発売されたのは初代玄箱が今から9年前の2004年はじめで、その後CPUのクロック周波数を266MHzにメインメモリを128MBに強化した二代目玄箱/HGが出たのが同じ2004年の11月頃の事でした。
同じような機能、筐体デザインのBUFFALO の LinkStationなどよりは価格的には安かったのと、手持ちの使っていない小容量のハードディスクの有効活用として当時の自作マニアに人気が高かった製品です。
ハードディスクを入れて簡単な設定をするだけでNAS(Network Attached Storage、ネットワーク接続ストレージ)として使えるだけでなくマニアによって公開されている情報をもとに様々な改造が出来ることでも話題になりました。
当時からの自作マニアの方なら、持っていたあるいはまだ使っている方も多いことでしょう。
ハードディスクだとつないだパソコンでしか使えませんがNASなら家庭内LANでつながっているどのパソコンからでもアクセス出来るの便利さが全然違いますね。

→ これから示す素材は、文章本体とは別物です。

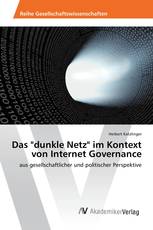 Das "dunkle Netz" im Kontext von Internet Governance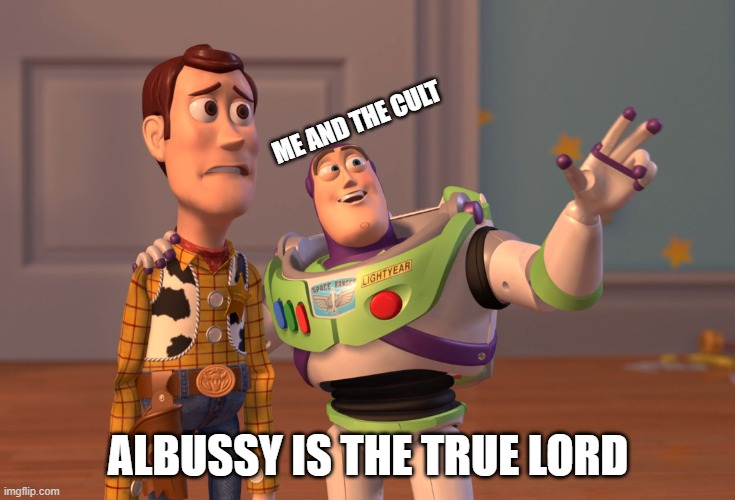 X, X Everywhere Meme |  ME AND THE CULT; ALBUSSY IS THE TRUE LORD | image tagged in memes,x x everywhere,albussy | made w/ Imgflip meme maker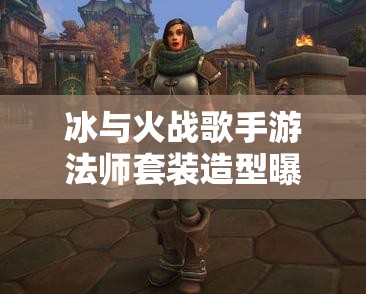 冰与火战歌手游法师套装造型曝光，玩法革命将带来哪三大预测？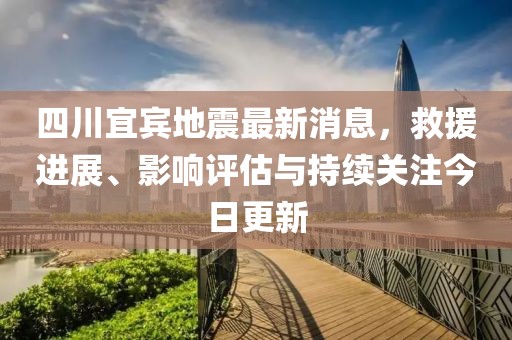 四川宜賓地震最新消息，救援進(jìn)展、影響評(píng)估與持續(xù)關(guān)注今日更新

今なら外付けハードディスクやLAN接続ハードディスクも1TBで9千円、2TBで13千円程度で購入出来ますから自作パーツを使う金銭的なメリットは少ないかもしれませんが、それでも余っている手持ちのHDDを有効活用したりバルクの内蔵HDDなら1TBで4千円、2TBでも6千円程度なので玄箱を持っているのならまだ多少安くは作れます。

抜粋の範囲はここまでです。